Welcome to this week’s episode of “How NOT to Call the Plumber”! Continuing our series on what you need to be doing this fall to prepare you plumbing for the coming winter, we’re going to talk about your main water shut off valve – where it is, what it looks like, and how to shut it in an emergency (and I’m going to nag you to make sure it works!).
As a plumber, I’m always nervous that many of you don’t know where the main shut off valve for your water supply is. It gives me nightmares of burst pipes flooding the basement and frantic homeowners running in circles trying to figure out how to make it stop. The last thing you want is a surprise indoor swimming pool! Burst and leaking pipes are unfortunately a common occurrence, especially in our older homes. We NEED to know how to shut the water off as quickly as possible in an emergency. Also, there are times when a plumber will need to shut that valve just so they can do the necessary work in your home!

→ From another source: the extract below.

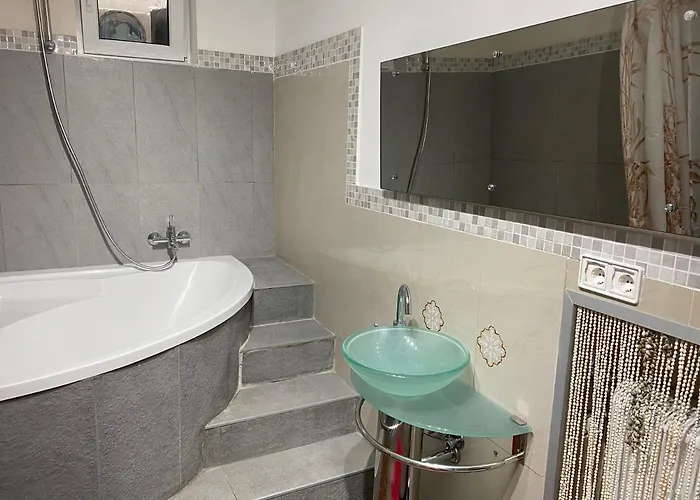 Apartment Apartments Let Me In *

99% of the time, the main shut off valve can be found beside your water meter, which is usually within the first few feet of where the “water service” (main water pipe) enters your home. This pipe is usually entering the house in the basement, from the floor or the wall, very close to the front of the house. The City water mains run underneath our roads and the water services for the homes branch off of that to each home.
Now the tricky part – there are 2 types of valves that you will likely see:
The first type is called a “Ball Valve”. If you see this, good news! The odds of it working are quite high. Just turn the handle 90 degrees (perpendicular to the pipe) and voila, the water is off! These don’t tend to have many issues when turning them off and on.
The second type of valve is what is called a “Gate Valve”. If you see this, it could be bad news! Gate valves that have been left untouched for years tend to seize and leak when used. The rubber gaskets inside the valve lose their elasticity and won’t recreate a proper seal. If you have a gate valve, it is definitely worth considering having it replaced to a newer ball valve. The last thing you want during a flooding basement is to find that you can’t turn the water off because your valve has seized!
Please take a minute and make sure your main shut off valves are properly working before the weather gets too cold. I’ve heard way too many horror stories of burst pipes that can’t be stopped until the City comes hours later to shut the water off to your home. It just takes a second!